- [TASK GOAL] Transcribe the following records exactly, images excluded.

[Stored records]
────────────────

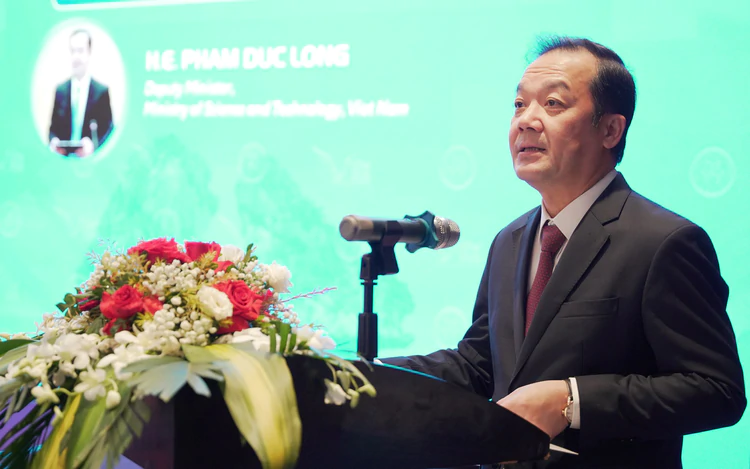 Thứ trưởng Phạm Đức Long: “Khai thác hiệu quả 5G hôm nay, chủ động định hình 6G ngày mai”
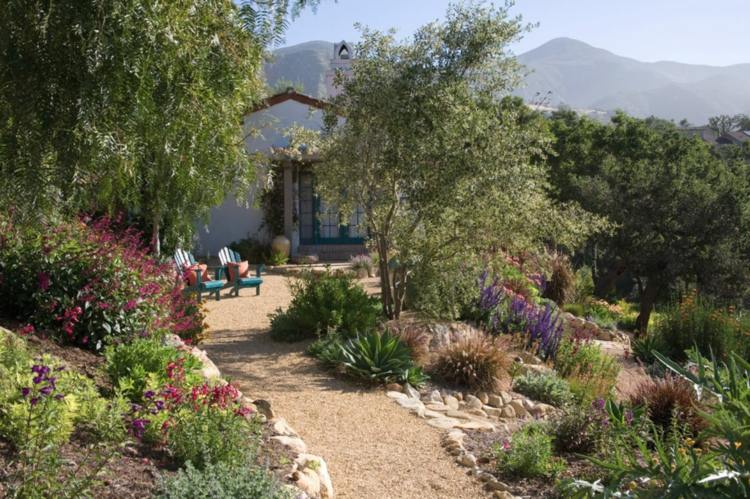 Projeto do jardim mediterrâneo-oliveira-caminho de pedra-caminho de cascalho-plantas perenes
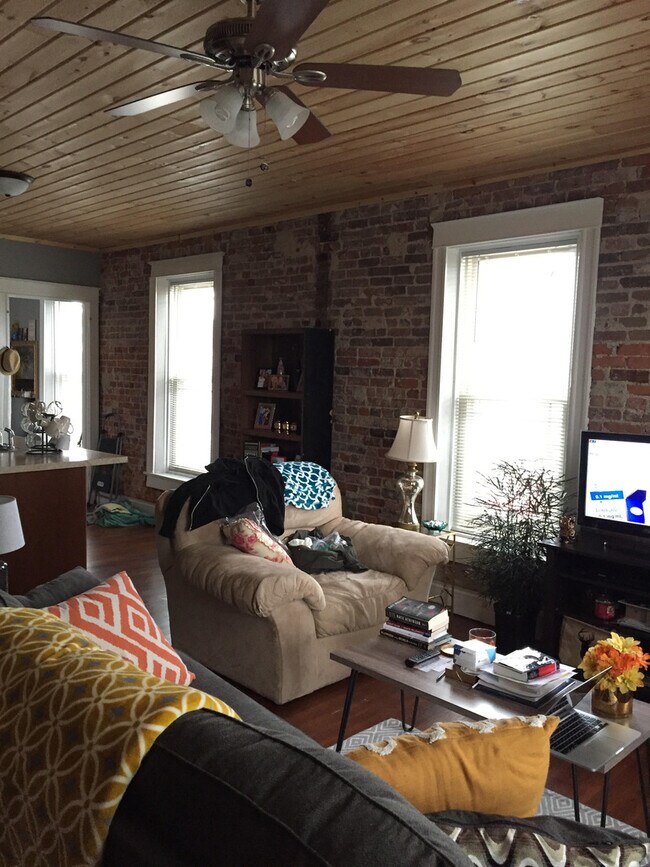 Building Photo - 1 Bedroom 1 Bath Upstairs Downtown Lafayette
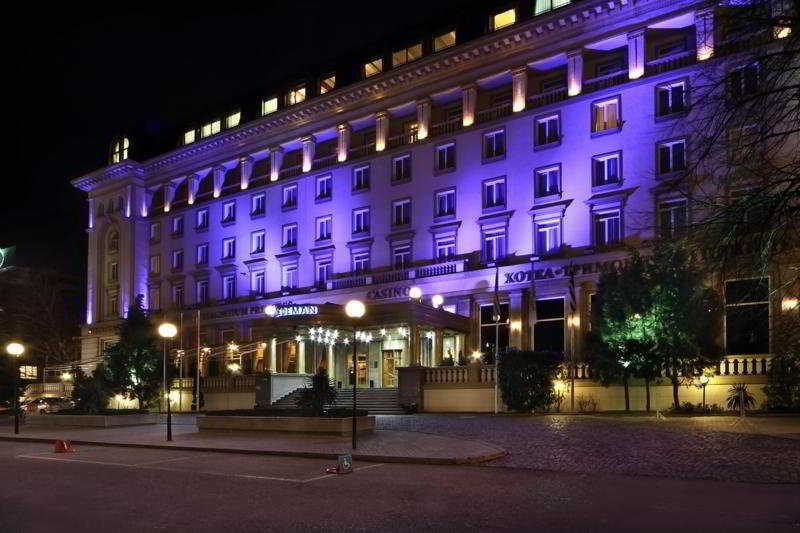 Ramada By Wyndham Plovdiv Trimontium Hotel Bagian luar foto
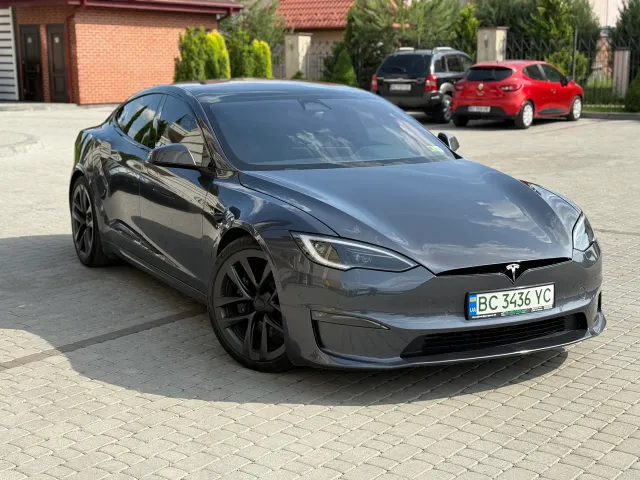 Tesla Model S - фото 1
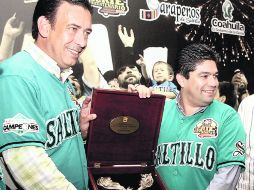 Álvaro Ley (izq), propietario de Saraperos, y su hijo Sergio, reciben el reconocimiento. JAMMEDIA  /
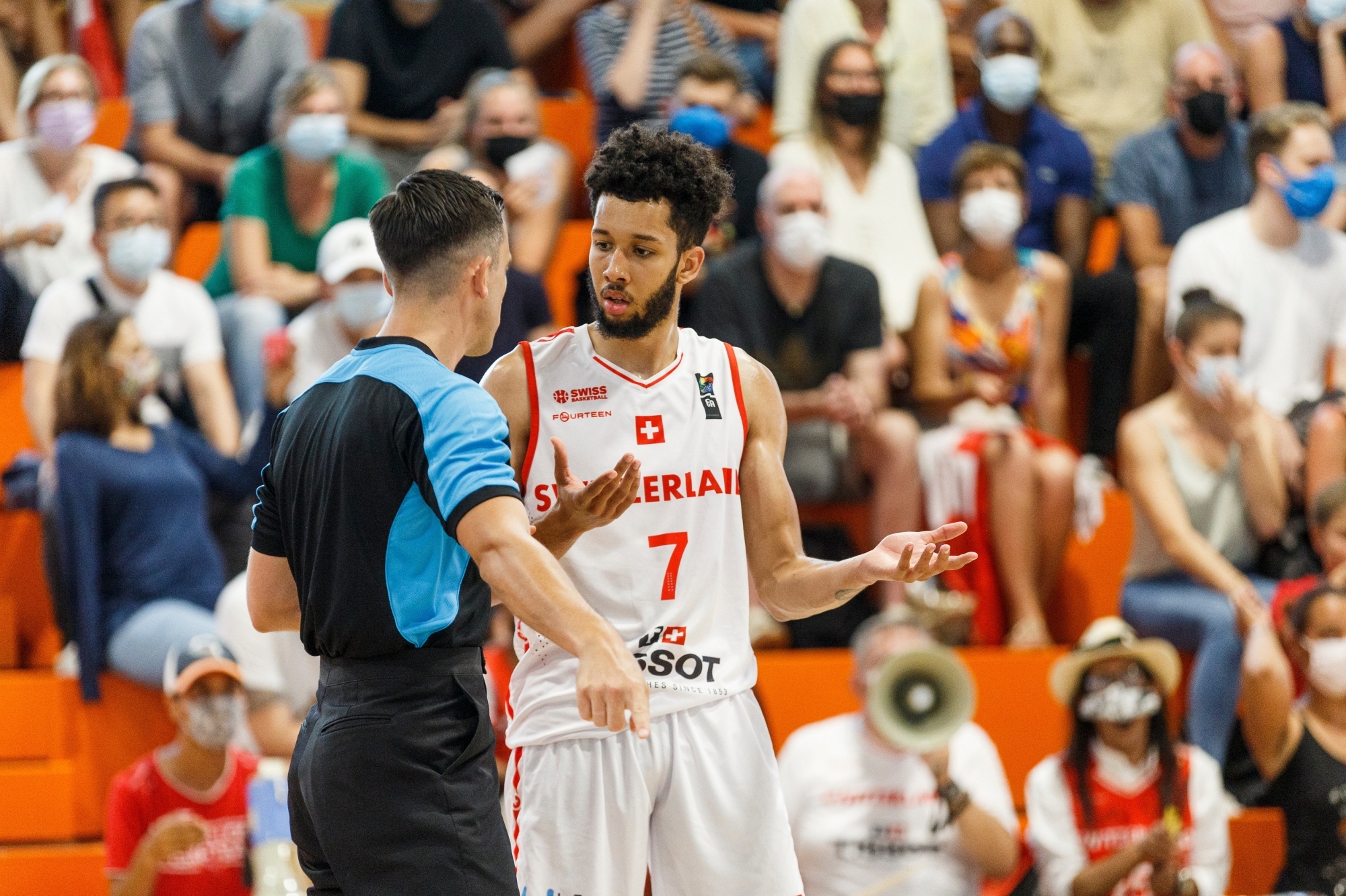 Selim Fofana, ici en discussion avec l’arbitre, a livré de bonnes prestations avec l'équipe de Suisse lors des matches amicaux.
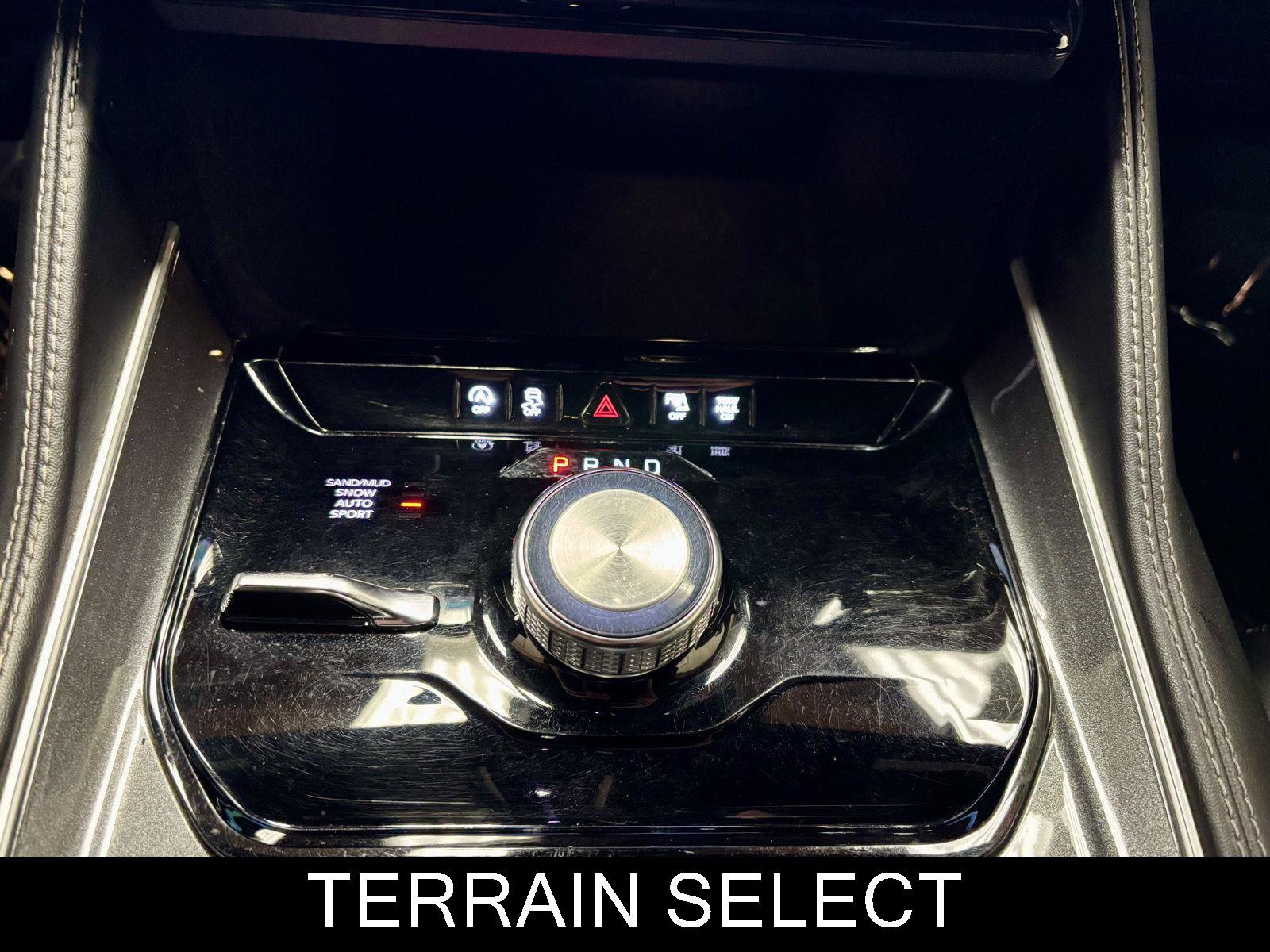 Used 2022 Jeep Wagoneer Series I AWD/4WD image 32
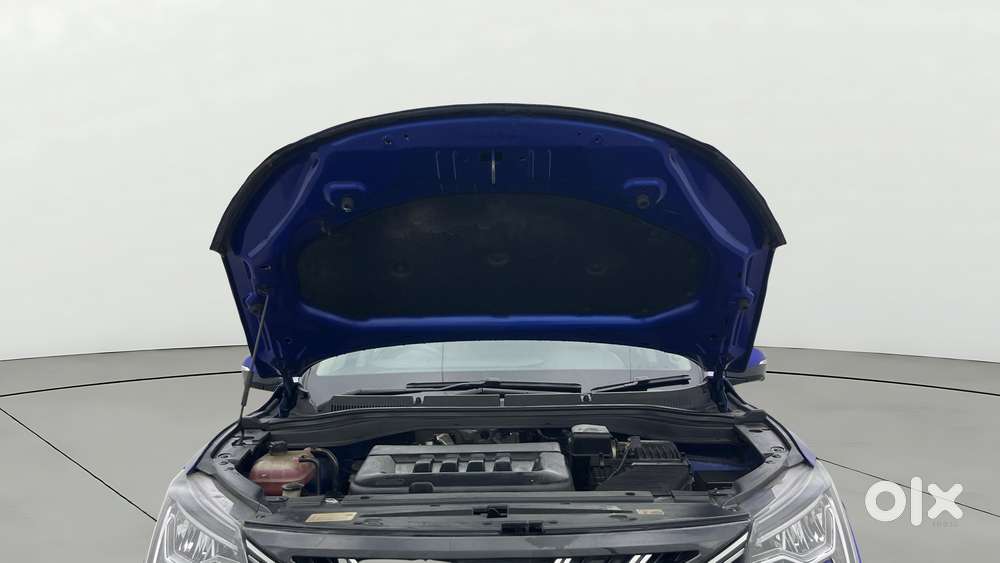 Mahindra Xuv700 2.2 Ax 7 Diesel Mt Luxury Pack Str, 2024, Diesel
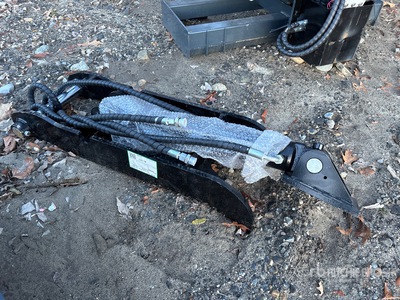 2025 GIYI GY-XJ5T 36 in CAT Hydraulic Excavator Thumb (Unused)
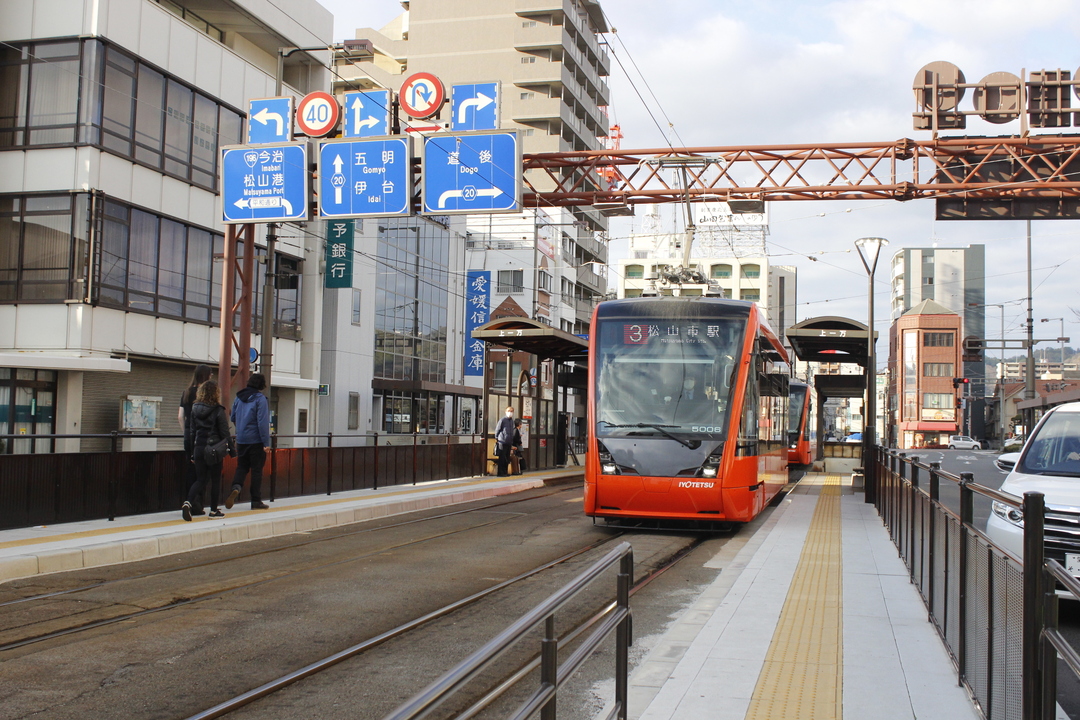 上一万駅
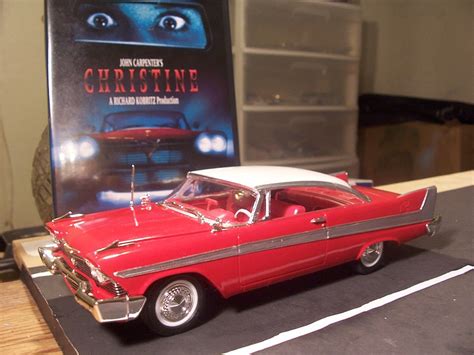 Gallery Pictures AMT 1958 Plymouth Christine Car (Red) Plastic Model Car Kit 1/25 Scale #801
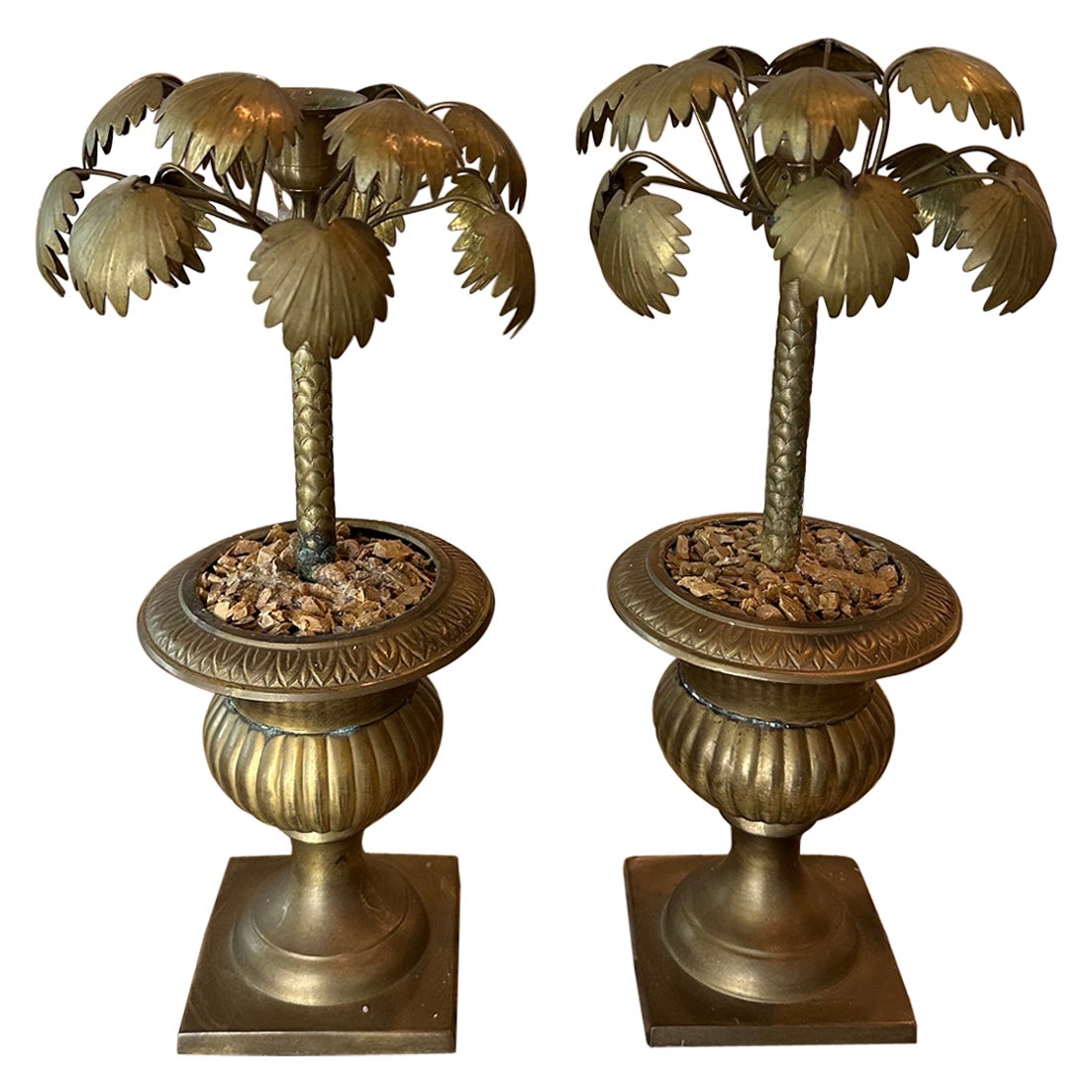 Paire d'urnes en laiton avec feuilles de palmier et bougeoirs vintage tropical  en vente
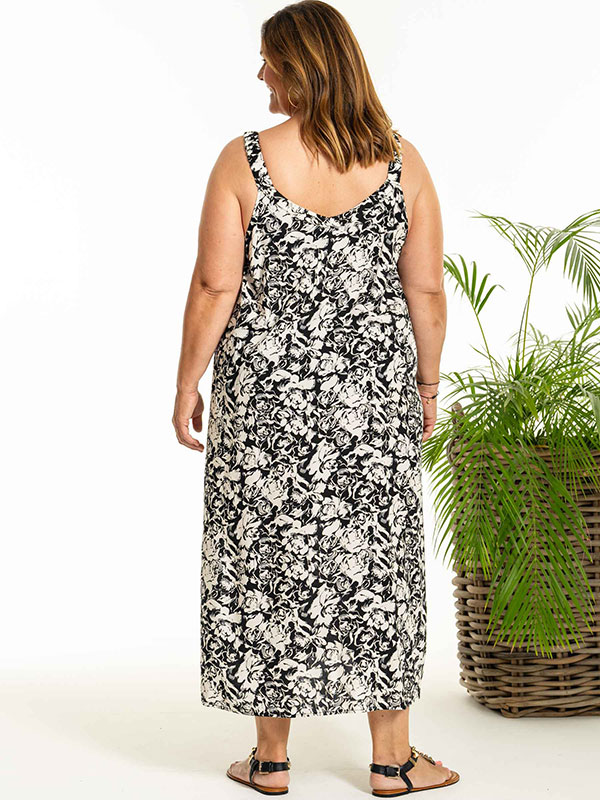 DIRTSA - Plus Size Kjole fra Gozzip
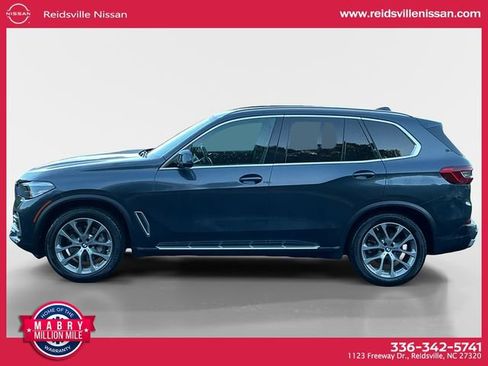 Used 2019 BMW X5 xDrive40i w/ Premium Package 2 image 2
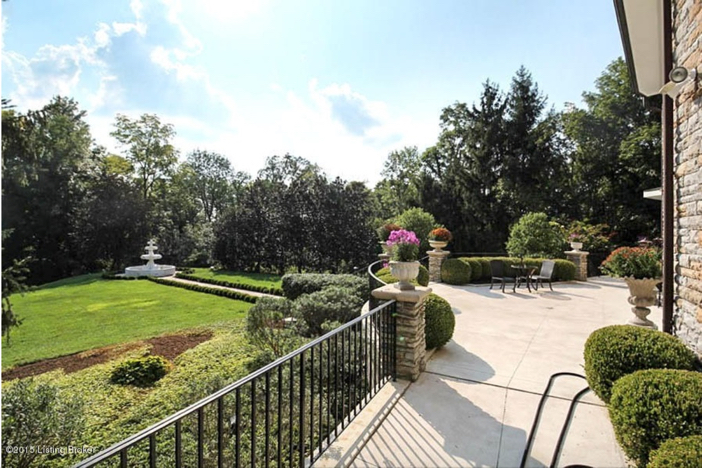 $2.75 Million Traditional Luxurious Mansion in Prospect Kentucky 21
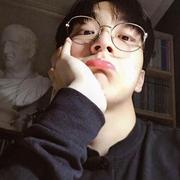 嗷呜呜呜呜的个人资料头像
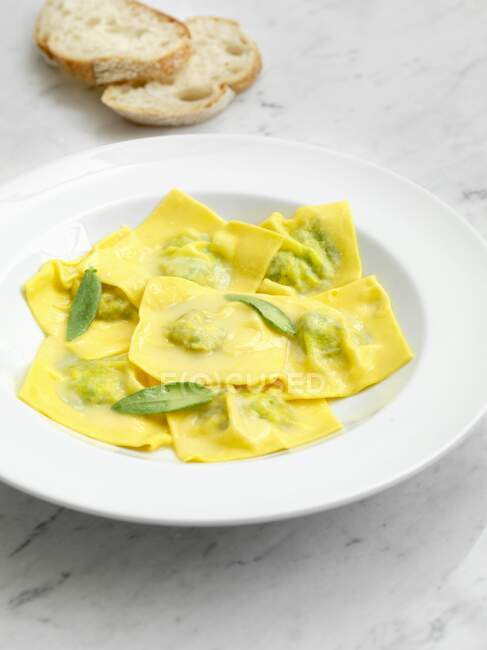 Ravioli with spinach and ricotta — Stock Photo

────────────────

- [COMPLETED TASK]
 Thứ trưởng Phạm Đức Long: “Khai thác hiệu quả 5G hôm nay, chủ động định hình 6G ngày mai”
 Projeto do jardim mediterrâneo-oliveira-caminho de pedra-caminho de cascalho-plantas perenes
 Building Photo - 1 Bedroom 1 Bath Upstairs Downtown Lafayette
 Ramada By Wyndham Plovdiv Trimontium Hotel Bagian luar foto
 Tesla Model S - фото 1
 Álvaro Ley (izq), propietario de Saraperos, y su hijo Sergio, reciben el reconocimiento. JAMMEDIA  /
 Selim Fofana, ici en discussion avec l’arbitre, a livré de bonnes prestations avec l'équipe de Suisse lors des matches amicaux.
 Used 2022 Jeep Wagoneer Series I AWD/4WD image 32
 Mahindra Xuv700 2.2 Ax 7 Diesel Mt Luxury Pack Str, 2024, Diesel
 2025 GIYI GY-XJ5T 36 in CAT Hydraulic Excavator Thumb (Unused)
 上一万駅
 Gallery Pictures AMT 1958 Plymouth Christine Car (Red) Plastic Model Car Kit 1/25 Scale #801
 Paire d'urnes en laiton avec feuilles de palmier et bougeoirs vintage tropical  en vente
 DIRTSA - Plus Size Kjole fra Gozzip
 Used 2019 BMW X5 xDrive40i w/ Premium Package 2 image 2
 $2.75 Million Traditional Luxurious Mansion in Prospect Kentucky 21
 嗷呜呜呜呜的个人资料头像
 Ravioli with spinach and ricotta — Stock Photo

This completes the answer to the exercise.